### SOURCE DATA
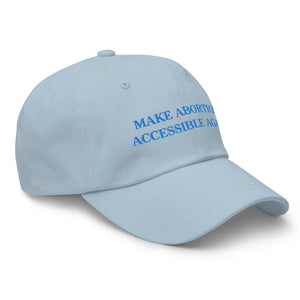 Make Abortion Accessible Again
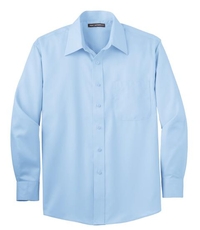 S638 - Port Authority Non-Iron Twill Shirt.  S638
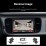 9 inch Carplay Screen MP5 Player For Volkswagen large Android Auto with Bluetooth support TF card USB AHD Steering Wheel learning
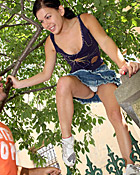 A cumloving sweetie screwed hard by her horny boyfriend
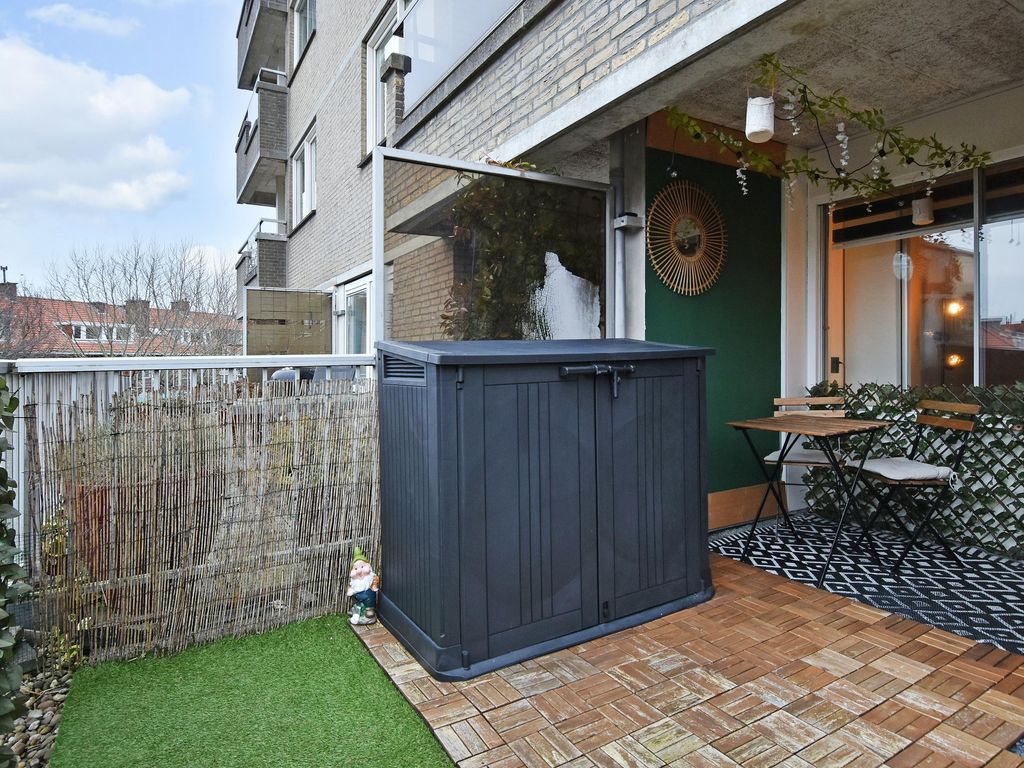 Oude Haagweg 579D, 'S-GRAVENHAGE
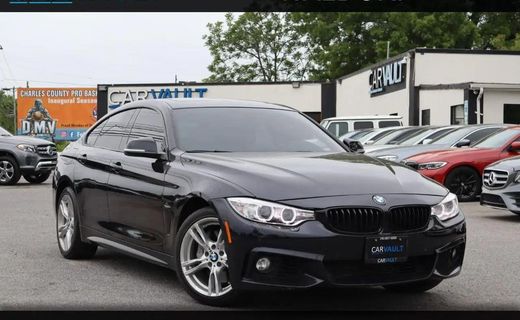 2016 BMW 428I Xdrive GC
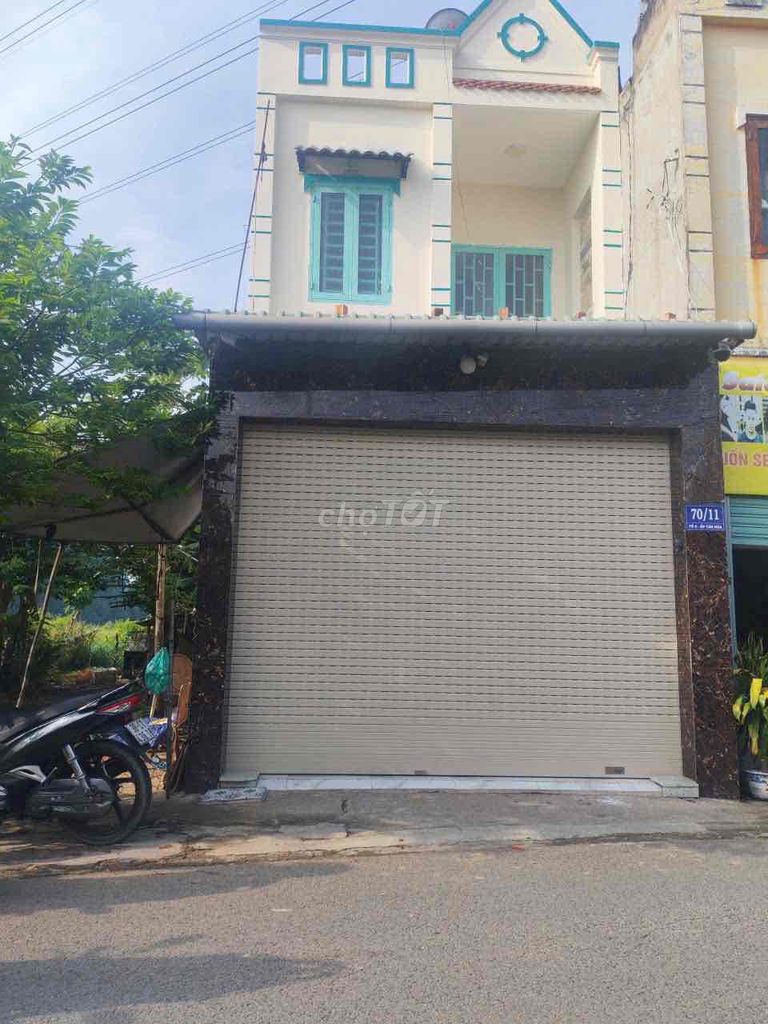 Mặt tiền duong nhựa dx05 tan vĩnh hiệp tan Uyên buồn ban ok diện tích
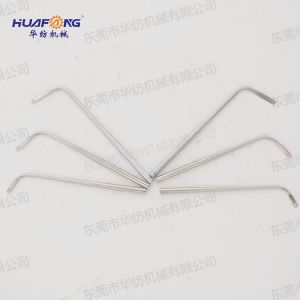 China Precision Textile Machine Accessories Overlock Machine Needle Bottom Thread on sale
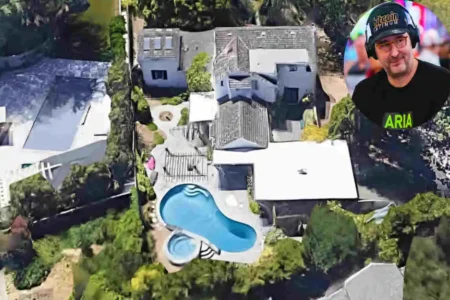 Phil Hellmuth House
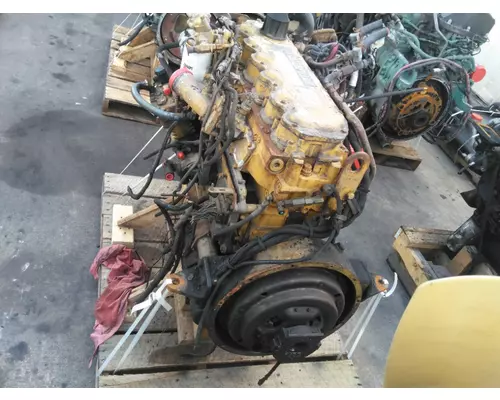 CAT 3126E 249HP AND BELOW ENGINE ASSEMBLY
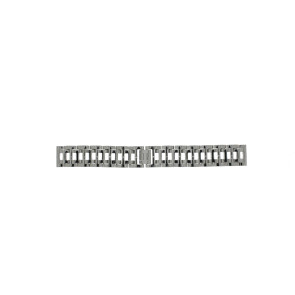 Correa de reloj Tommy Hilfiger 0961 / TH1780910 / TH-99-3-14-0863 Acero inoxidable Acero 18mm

### WHAT THE TASK ASKS
Please write the material out again exactly as shown above, minus any pictures.

### RESULT OF THE EXERCISE
 Make Abortion Accessible Again
 S638 - Port Authority Non-Iron Twill Shirt.  S638
 9 inch Carplay Screen MP5 Player For Volkswagen large Android Auto with Bluetooth support TF card USB AHD Steering Wheel learning
 A cumloving sweetie screwed hard by her horny boyfriend
 Oude Haagweg 579D, 'S-GRAVENHAGE
 2016 BMW 428I Xdrive GC
 Mặt tiền duong nhựa dx05 tan vĩnh hiệp tan Uyên buồn ban ok diện tích
 China Precision Textile Machine Accessories Overlock Machine Needle Bottom Thread on sale
 Phil Hellmuth House
 CAT 3126E 249HP AND BELOW ENGINE ASSEMBLY
 Correa de reloj Tommy Hilfiger 0961 / TH1780910 / TH-99-3-14-0863 Acero inoxidable Acero 18mm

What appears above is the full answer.